Itu semua, menunjukkan REI sudah bekerja dan berkontribusi dalam menyiapkan kemudahan perizinan berusaha, sekaligus bukti keberadaan REI diakui pemerintah.

Kelima, di bidang perpajakan. REI secara intens terus berkomunikasi dengan Ditjen Pajak. Terakhir, tim REI dipimpin Sekjen DPP REI Totok Lusida sudah bertemu langsung dengan Dirjen Pajak Robert Pakpahan. Untuk menyampaikan aspirasi yang juga sudah disampaikan REI ketika bertemu Presiden Joko Widodo di Istana Negara beberapa waktu lalu.

Beberapa poin yang diusulkan REI kepada Dirjen Pajak antara lain mengenai penghapusan PPnBM untuk rumah mewah, penghapusan PPh Pasal 22 terkait penjualan barang yang tergolong sangat mewah, serta PPN masukan untuk rumah MBR diterima untuk kemudian direstitusi. REI pun telah mengusulkan dan memperjuangkan supaya untuk peningkatan mutu rumah MBR dalam skala 20% di atas harga yang ditentukan PMK (Peraturan Menteri Keuangan), yang dikenakan PPh 2,5 persen hanya yang 20%-nya saja.

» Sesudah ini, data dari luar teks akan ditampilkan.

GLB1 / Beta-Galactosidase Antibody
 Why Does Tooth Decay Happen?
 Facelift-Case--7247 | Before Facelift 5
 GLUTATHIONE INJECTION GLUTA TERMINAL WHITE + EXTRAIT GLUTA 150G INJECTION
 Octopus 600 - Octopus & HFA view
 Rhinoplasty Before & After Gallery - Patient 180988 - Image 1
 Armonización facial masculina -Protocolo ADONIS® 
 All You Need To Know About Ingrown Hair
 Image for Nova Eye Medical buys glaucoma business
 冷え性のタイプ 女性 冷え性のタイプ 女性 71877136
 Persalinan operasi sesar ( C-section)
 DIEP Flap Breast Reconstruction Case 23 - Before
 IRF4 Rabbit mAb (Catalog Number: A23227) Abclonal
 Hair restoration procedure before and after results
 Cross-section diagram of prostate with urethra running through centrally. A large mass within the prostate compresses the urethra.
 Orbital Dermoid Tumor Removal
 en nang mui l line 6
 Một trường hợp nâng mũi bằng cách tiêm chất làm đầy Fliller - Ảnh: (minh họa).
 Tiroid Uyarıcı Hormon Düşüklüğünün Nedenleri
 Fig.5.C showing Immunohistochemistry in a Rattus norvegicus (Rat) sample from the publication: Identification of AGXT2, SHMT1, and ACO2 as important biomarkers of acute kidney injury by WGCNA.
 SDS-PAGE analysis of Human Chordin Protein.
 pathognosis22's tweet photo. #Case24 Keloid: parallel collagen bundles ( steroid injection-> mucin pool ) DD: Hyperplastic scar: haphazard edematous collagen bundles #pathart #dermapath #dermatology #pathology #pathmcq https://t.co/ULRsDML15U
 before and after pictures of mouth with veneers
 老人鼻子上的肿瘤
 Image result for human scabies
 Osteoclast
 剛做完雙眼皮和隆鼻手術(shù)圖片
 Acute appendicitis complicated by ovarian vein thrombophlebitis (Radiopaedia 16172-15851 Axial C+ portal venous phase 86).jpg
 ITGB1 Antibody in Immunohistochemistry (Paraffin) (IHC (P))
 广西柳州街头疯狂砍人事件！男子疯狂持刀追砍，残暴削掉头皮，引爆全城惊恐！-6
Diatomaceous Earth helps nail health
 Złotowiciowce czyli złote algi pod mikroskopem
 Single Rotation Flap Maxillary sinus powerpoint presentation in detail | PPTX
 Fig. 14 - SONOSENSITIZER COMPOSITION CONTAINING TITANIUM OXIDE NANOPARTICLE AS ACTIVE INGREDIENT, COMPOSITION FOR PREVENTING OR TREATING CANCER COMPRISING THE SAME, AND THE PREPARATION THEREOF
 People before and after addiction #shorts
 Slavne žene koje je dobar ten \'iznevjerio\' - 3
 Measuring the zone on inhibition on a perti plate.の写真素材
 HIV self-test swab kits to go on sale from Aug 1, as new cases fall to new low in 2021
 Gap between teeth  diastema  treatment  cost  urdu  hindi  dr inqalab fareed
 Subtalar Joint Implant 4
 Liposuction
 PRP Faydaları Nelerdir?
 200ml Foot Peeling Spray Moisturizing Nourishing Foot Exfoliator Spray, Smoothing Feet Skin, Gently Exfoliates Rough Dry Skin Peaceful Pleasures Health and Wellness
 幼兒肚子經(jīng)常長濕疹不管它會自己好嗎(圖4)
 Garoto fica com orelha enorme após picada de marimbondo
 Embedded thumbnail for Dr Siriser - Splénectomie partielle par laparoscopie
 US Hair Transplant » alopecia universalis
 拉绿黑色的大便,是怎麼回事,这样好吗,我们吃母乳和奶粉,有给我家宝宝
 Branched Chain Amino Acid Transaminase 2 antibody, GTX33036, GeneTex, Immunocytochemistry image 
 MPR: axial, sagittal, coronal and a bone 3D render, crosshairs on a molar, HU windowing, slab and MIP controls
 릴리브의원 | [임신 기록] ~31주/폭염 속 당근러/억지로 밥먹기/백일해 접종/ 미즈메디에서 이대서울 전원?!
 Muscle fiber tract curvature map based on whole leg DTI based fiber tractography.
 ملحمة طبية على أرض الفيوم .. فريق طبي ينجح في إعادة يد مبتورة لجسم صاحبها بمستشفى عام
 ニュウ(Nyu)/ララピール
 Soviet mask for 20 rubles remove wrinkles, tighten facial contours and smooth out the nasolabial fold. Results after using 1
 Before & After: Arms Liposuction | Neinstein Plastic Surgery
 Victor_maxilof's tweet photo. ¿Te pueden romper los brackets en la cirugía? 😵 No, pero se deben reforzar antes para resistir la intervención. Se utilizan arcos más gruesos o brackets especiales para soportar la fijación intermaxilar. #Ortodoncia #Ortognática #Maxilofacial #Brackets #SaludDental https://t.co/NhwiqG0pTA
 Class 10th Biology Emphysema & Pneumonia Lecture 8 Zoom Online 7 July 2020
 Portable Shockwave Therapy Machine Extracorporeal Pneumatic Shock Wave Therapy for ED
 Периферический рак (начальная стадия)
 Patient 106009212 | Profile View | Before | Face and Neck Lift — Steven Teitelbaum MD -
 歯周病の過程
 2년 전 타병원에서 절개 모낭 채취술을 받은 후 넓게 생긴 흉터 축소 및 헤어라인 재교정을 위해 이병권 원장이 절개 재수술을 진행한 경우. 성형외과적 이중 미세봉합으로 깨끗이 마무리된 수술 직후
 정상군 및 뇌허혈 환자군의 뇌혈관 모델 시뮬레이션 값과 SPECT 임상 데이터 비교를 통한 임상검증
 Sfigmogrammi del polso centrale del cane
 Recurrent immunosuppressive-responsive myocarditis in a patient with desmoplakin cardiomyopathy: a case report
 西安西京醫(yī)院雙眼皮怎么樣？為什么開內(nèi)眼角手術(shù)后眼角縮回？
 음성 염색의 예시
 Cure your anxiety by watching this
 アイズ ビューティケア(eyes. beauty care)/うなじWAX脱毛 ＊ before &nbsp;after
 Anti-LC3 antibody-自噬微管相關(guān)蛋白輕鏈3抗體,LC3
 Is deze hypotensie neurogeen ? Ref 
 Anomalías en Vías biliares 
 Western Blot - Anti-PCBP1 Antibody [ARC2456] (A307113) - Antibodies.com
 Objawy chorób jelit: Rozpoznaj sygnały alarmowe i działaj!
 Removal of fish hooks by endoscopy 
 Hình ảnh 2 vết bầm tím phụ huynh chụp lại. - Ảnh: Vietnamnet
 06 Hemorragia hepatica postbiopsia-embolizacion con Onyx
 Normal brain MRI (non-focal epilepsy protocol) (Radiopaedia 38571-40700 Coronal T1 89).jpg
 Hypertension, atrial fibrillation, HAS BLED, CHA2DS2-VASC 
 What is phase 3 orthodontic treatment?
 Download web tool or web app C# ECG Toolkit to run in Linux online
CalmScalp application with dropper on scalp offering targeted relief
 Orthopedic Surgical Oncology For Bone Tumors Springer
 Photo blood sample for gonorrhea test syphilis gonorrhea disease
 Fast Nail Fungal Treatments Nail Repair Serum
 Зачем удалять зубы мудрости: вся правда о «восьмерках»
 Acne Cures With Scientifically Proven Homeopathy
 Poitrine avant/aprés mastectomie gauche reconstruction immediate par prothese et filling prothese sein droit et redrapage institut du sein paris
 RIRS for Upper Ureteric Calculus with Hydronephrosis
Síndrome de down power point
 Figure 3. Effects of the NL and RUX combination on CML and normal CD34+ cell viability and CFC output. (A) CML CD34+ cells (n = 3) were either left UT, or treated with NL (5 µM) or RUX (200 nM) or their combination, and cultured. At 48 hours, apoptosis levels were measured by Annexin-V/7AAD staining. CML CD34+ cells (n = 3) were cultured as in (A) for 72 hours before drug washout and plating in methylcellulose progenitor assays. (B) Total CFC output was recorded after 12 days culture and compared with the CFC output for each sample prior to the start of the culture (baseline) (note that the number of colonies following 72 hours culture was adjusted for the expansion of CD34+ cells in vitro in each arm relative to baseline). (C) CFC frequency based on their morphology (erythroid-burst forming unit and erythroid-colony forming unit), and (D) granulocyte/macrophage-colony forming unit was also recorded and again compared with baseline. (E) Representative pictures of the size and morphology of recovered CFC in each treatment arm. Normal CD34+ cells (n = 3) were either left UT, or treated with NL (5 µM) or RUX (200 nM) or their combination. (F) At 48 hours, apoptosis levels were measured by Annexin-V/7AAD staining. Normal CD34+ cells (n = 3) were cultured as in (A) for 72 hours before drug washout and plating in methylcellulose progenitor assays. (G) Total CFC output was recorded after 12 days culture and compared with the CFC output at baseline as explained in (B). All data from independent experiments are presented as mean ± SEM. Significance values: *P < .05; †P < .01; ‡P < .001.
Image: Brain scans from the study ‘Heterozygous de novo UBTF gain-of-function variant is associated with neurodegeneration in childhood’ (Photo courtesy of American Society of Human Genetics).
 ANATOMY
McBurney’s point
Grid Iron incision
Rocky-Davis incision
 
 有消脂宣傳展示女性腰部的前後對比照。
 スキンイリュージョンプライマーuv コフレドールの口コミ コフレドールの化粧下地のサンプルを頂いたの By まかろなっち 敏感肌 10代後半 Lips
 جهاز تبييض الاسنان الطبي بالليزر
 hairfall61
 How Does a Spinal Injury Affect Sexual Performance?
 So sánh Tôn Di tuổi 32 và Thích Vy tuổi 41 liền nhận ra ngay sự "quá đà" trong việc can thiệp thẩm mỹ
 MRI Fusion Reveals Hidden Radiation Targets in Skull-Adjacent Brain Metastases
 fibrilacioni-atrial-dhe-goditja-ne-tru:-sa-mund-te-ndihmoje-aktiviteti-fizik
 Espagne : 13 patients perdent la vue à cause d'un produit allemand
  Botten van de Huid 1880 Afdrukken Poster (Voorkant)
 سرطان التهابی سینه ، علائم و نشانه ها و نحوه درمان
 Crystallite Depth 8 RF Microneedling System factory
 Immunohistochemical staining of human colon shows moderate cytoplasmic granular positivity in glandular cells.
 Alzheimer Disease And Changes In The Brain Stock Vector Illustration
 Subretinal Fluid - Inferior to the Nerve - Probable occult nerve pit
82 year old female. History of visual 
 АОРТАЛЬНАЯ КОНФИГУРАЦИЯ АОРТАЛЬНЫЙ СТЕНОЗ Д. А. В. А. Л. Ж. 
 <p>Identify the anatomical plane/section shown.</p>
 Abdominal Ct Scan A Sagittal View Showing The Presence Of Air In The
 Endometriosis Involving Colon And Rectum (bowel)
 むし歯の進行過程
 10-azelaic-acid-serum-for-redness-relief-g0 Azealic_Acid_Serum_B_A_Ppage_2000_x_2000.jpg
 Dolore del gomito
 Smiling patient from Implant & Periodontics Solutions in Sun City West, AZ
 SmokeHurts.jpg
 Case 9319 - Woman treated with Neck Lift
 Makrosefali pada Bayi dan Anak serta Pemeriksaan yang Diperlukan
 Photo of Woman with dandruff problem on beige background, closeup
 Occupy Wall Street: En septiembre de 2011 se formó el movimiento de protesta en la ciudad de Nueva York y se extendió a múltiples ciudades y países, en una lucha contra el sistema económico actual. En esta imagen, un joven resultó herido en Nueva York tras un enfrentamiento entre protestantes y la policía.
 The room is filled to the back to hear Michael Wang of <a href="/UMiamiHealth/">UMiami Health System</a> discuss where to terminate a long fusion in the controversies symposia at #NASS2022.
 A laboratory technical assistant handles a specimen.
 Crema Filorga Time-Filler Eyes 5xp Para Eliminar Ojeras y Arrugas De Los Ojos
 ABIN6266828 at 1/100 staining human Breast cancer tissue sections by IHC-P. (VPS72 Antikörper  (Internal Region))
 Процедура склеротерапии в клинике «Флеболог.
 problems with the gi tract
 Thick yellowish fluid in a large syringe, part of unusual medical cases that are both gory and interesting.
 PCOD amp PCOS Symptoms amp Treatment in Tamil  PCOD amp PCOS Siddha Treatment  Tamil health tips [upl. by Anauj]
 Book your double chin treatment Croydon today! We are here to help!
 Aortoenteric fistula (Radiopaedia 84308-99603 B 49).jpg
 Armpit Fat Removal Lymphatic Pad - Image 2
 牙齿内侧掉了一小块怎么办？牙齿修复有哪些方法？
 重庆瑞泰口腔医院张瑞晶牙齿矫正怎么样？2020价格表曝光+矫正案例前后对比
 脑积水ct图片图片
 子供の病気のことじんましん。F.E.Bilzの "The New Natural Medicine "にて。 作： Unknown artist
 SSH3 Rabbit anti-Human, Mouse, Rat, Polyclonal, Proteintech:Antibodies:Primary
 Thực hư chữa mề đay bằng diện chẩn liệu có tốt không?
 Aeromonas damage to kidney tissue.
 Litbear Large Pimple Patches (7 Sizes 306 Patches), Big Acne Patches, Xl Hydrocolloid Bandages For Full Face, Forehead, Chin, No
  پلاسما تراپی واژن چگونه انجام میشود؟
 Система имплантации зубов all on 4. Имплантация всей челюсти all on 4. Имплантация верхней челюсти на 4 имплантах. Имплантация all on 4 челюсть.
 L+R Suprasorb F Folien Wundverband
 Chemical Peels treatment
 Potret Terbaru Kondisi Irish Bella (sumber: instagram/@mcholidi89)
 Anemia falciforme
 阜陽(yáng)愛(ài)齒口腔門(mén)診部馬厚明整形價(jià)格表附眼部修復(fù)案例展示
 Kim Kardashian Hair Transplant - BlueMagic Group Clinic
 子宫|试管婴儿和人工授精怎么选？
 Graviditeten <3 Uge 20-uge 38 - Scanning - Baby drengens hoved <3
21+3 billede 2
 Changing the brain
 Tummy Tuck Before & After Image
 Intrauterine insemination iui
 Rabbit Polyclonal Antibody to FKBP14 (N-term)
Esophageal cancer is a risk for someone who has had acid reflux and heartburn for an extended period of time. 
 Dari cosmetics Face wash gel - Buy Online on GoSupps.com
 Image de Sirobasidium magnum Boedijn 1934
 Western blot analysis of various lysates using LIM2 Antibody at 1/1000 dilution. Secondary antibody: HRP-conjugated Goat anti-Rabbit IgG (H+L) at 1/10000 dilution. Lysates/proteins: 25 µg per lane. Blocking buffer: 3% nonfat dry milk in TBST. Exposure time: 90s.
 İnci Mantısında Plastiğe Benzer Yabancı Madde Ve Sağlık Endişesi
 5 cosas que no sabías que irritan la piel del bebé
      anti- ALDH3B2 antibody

Kenapa? Karena ungkap Eman, seperti yang sudah disampaikan REI kepada Presiden Jokowi, kendala di setiap daerah berbeda-beda. Di Balikpapan misalnya, rumah MBR dibangun di areal yang kondisi tanahnya terjal, sehingga biaya cut and fill struktur dan grading-nya menjadi lebih mahal, sementara harga jual dibatasi dengan ketentuan PMK. Ini penting diperjuangkan sehingga pengembang punya ruang untuk tetap dapat membangun rumah subsidi berkualitas.

“REI juga sudah mengusulkan supaya dilakukan relaksasi perpajakan untuk membangkitkan sektor properti yakni terkait pajak final supaya tetap diberlakukan karena ada isu pajak nonfinal, kemudian pajak tanah terlantar juga sudah tidak diperlukan lagi diwacanakan, dan pajak-pajak lain terkait properti. Kita pantau dan urusin terus soal pajak-pajak properti ini,” tegas Eman.

Penuhi Amanah
Keenam, di bidang infrastruktur dan tata ruang. REI sudah memperjuangkan supaya pemerintah membuat aturan zonasi khusus bagi rumah murah yang diatur dalam Rencana Detail Tata Ruang (RDTR). Selama ini kendala utama pengembangan rumah murah, selain persoalan izin, juga soal rendahnya infrastruktur serta akses ke transportasi publik. Dengan adanya zona khusus rumah MBR maka infrastruktur kawasan mendapat prioritas pemerintah, dan harga tanah bisa terkendali.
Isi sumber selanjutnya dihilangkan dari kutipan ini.